Lao-Tzu, the Old Master of Taoism, condensed the human struggle into the prose of the Tao Te Ching. It’s not a religious text, as it doesn’t hail a deity or command you to construct a belief system on its behalf. It’s a simple book of observations about the nature of nature, something that after 2500+ years still manages to serve as a salient guide to living well. For those who understand it, it offers a way of being that helps keep the madness of change at bay.

In times such as these, when uncertainty and chaos seem to be rising against the established order, and when so much discourse is focused on politics and untouchable events and circumstances, it really is up to the individual to create peace, harmony and balance within themselves.

But as humans, we have a tendency to try to control that which is beyond our control, in turn contributing evermore to the development of chaos and disorder. In truth, it is far easier to navigate such discord than we believe, and the way is far simpler than we imagine it to be. Consider for a moment the Taoist view regarding such interesting times.

From verse 16:

When society changes
from its natural state of flux,
to that which seems like chaos,
the inner world of the superior man
remains uncluttered and at peace.
By remaining still, his self detached,
he aids society in its return
to the way of nature and of peace.
The value of his insight may be clearly seen
when chaos ceases.

Here we are informed of the value of tending to the inner world first, which requires the gumption to detach and allow things to be as they are.
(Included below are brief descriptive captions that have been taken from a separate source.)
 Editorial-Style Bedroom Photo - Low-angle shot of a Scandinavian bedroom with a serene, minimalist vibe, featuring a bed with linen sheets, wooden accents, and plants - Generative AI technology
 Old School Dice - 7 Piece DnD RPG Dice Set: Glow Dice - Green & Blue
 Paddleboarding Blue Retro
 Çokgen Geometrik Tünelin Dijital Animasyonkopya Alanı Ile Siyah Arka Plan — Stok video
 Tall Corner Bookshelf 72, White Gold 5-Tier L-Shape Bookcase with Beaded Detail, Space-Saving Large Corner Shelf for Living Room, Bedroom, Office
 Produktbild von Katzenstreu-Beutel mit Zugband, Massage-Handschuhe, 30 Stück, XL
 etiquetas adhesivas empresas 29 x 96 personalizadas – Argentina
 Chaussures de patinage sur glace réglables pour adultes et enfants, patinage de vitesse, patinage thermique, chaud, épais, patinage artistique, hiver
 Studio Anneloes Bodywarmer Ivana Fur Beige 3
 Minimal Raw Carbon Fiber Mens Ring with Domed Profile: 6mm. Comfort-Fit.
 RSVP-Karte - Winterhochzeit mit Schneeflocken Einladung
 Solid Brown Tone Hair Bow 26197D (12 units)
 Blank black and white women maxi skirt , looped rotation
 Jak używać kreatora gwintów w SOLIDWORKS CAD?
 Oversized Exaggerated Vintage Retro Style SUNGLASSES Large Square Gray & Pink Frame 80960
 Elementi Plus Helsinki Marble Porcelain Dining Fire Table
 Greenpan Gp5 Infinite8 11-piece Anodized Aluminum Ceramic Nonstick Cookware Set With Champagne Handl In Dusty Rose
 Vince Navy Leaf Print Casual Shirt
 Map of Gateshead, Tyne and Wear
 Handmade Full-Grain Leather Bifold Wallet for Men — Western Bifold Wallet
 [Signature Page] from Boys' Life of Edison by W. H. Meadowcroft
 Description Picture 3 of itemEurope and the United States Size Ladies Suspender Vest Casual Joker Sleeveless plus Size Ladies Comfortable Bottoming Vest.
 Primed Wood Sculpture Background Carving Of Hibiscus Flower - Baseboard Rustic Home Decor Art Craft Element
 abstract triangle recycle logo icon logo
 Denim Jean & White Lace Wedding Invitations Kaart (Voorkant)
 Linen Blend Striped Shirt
We are encouraged to let go of personal expectations in order for muddled waters to clear.

From verse 17:

The sage does not expect that others
use his criteria as their own.

It is virtuous to allow others to hold whatever insane beliefs and ideas they choose to, and disengage from the struggle to enforce our opinions and values onto others.

From verse 18:

When intellectualism arises,
hypocrisy is close behind…

When the country falls into chaos,
politicians talk about ‘patriotism’.

From verse 57:

Govern your country with integrity,
Weapons of war can be used with great cunning,
but loyalty is only won by not-doing.
How do I know the way things are?

By these:

The more prohibitions you make,
the poorer people will be.
The more weapons you possess,
the greater the chaos in your country.
The more knowledge that is acquired,
the stranger the world will become.
The more laws that you make,
the greater the number of criminals.

Therefore the Master says:

I do nothing,
and people become good by themselves.
I seek peace,
and people take care of their own problems.
I do not meddle in their personal lives,
and the people become prosperous.
I let go of all my desires,
and the people return to the Uncarved Block.

Doing nothing, as advised in the Tao Te Ching, runs in opposition to the cultural zeitgeist, but just imagine how quickly things would change if more people chose to withdraw and not participate in the insanity all around us.

Final Thoughts

As individuals we face the same challenges as all of those who’ve come before us. We’ve always had to survive and procreate while striving for progress. That’s the human journey in nutshell, and while it isn’t always pretty, it’s always the same story, no matter how complex things become.

Our role, then, is the role of the sage, which is to act in accordance with nature rather than to resist nature.